» Work instruction
Reproduce the entries below exactly, but leave the pictures out.
********************
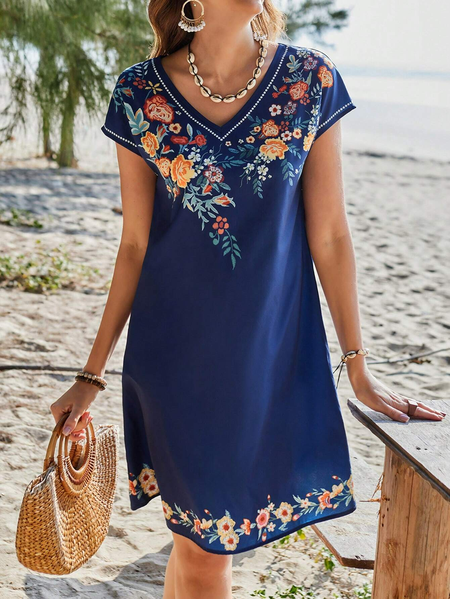 

Women's Short Sleeve Summer Floral V Neck Daily Going Out Vacation Midi H-Line Dark Blue, Dresses
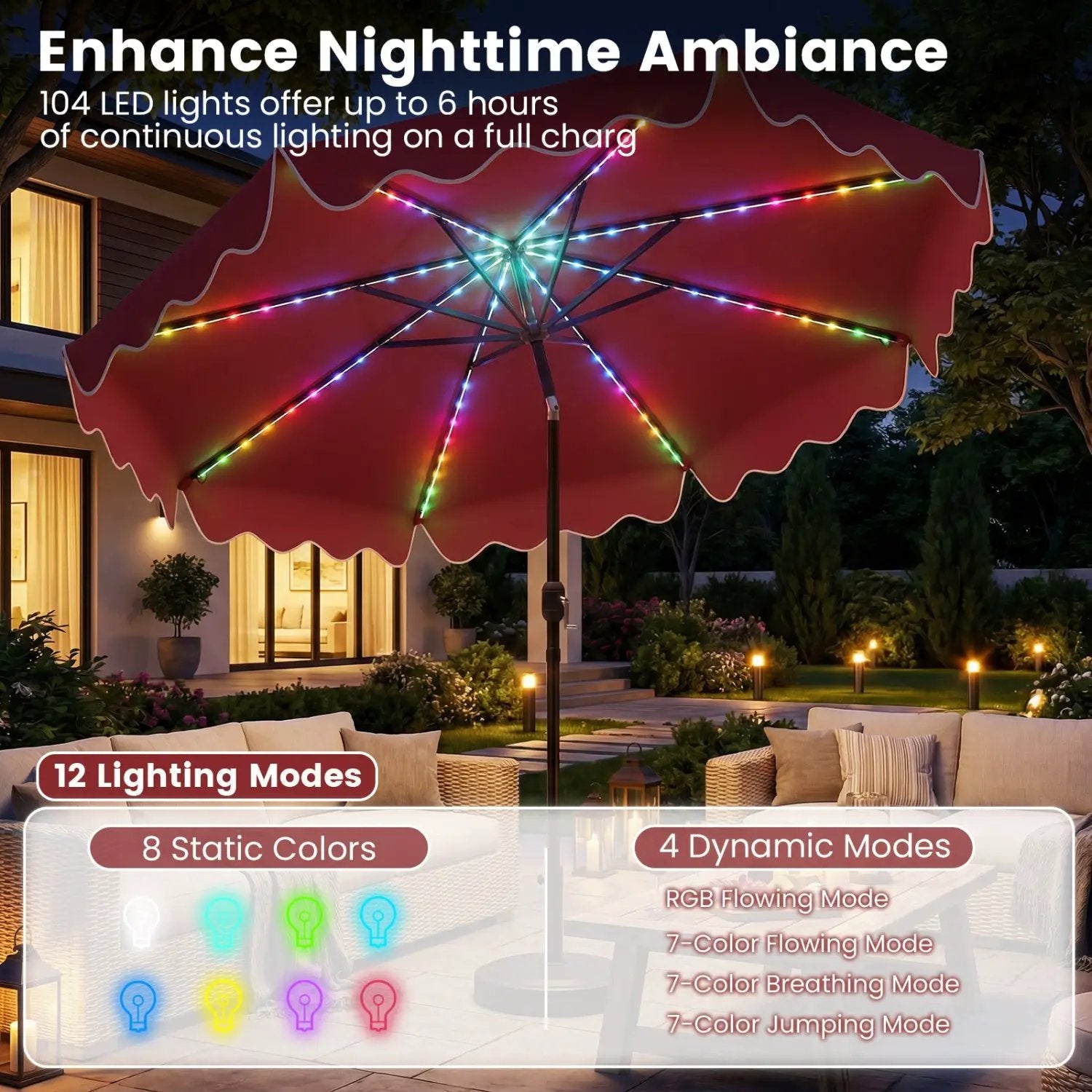 10 Ft Solar Patio Umbrella with LED Lights by DirectDeals
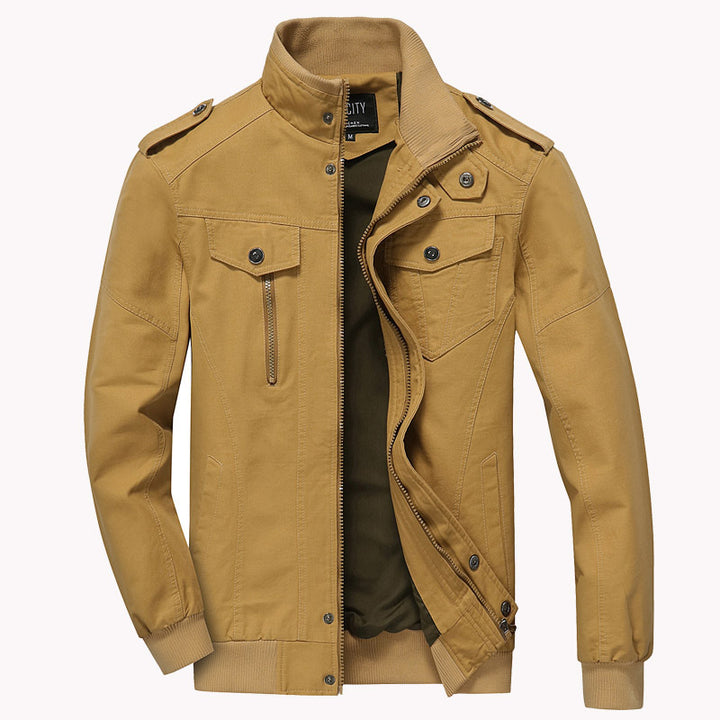 Herren nan robuste Fieldjacke aus Baumwoll-Canvas mit Stehkragen, Schulterklappen und verdecktem Reißverschluss Drune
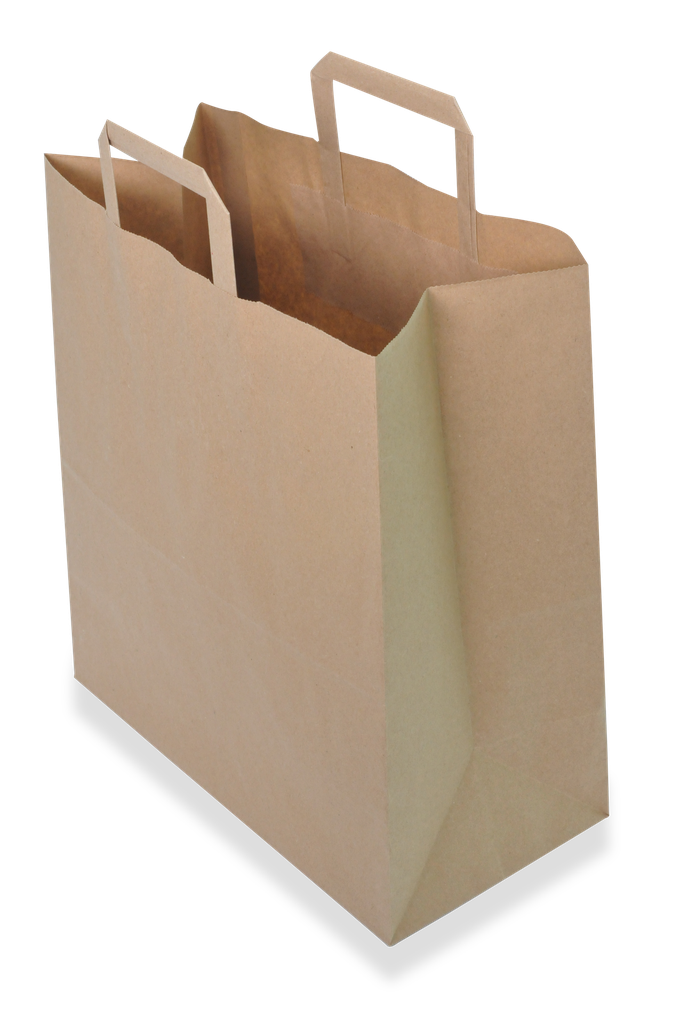 [AL-000022] Sac cabas kraft brun - 32x16x35cm - poignée plate - 250pcs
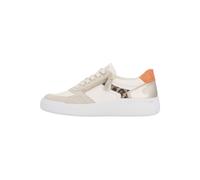 Plateausneaker REMONTE, Damen, Gr. 41, creme, natur, orange, Leder, Lederimitat, kontrastfarbene Details, Schuhe Plateausneaker, Schnürschuh, Halbschuh, Freizeitsneaker mit Schaftrandpolsterung (40215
********************
» Written answer
Women's Short Sleeve Summer Floral V Neck Daily Going Out Vacation Midi H-Line Dark Blue, Dresses
 10 Ft Solar Patio Umbrella with LED Lights by DirectDeals
 Herren nan robuste Fieldjacke aus Baumwoll-Canvas mit Stehkragen, Schulterklappen und verdecktem Reißverschluss Drune
 [AL-000022] Sac cabas kraft brun - 32x16x35cm - poignée plate - 250pcs
 Plateausneaker REMONTE, Damen, Gr. 41, creme, natur, orange, Leder, Lederimitat, kontrastfarbene Details, Schuhe Plateausneaker, Schnürschuh, Halbschuh, Freizeitsneaker mit Schaftrandpolsterung (40215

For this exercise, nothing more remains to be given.